Supplied records →
##############################

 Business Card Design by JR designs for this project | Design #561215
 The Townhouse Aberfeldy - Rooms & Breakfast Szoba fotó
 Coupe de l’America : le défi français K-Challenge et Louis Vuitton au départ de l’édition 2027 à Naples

##############################

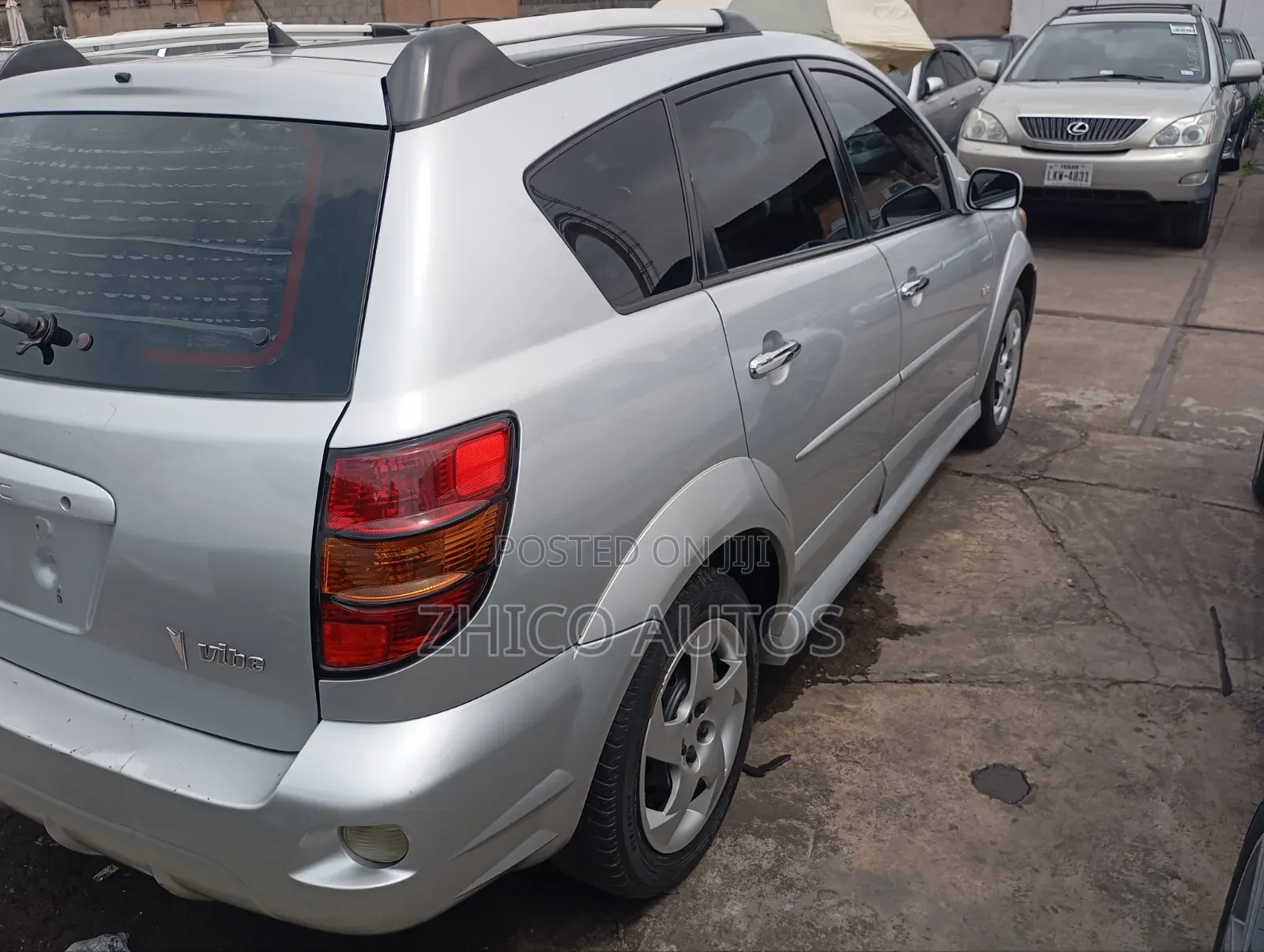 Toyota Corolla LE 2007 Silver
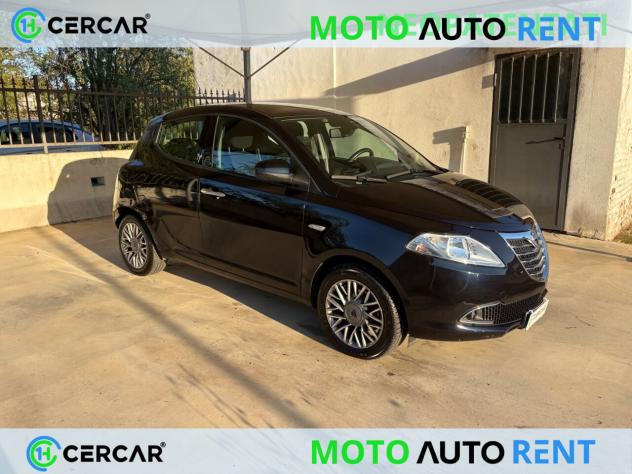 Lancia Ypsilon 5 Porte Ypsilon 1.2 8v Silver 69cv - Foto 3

##############################

Task directions →
Retype, in the same exact form, the lines of the material above from the line holding "The Townhouse Aberfeldy" through the line holding "Coupe de l’America".

Exercise solution →
 The Townhouse Aberfeldy - Rooms & Breakfast Szoba fotó
 Coupe de l’America : le défi français K-Challenge et Louis Vuitton au départ de l’édition 2027 à Naples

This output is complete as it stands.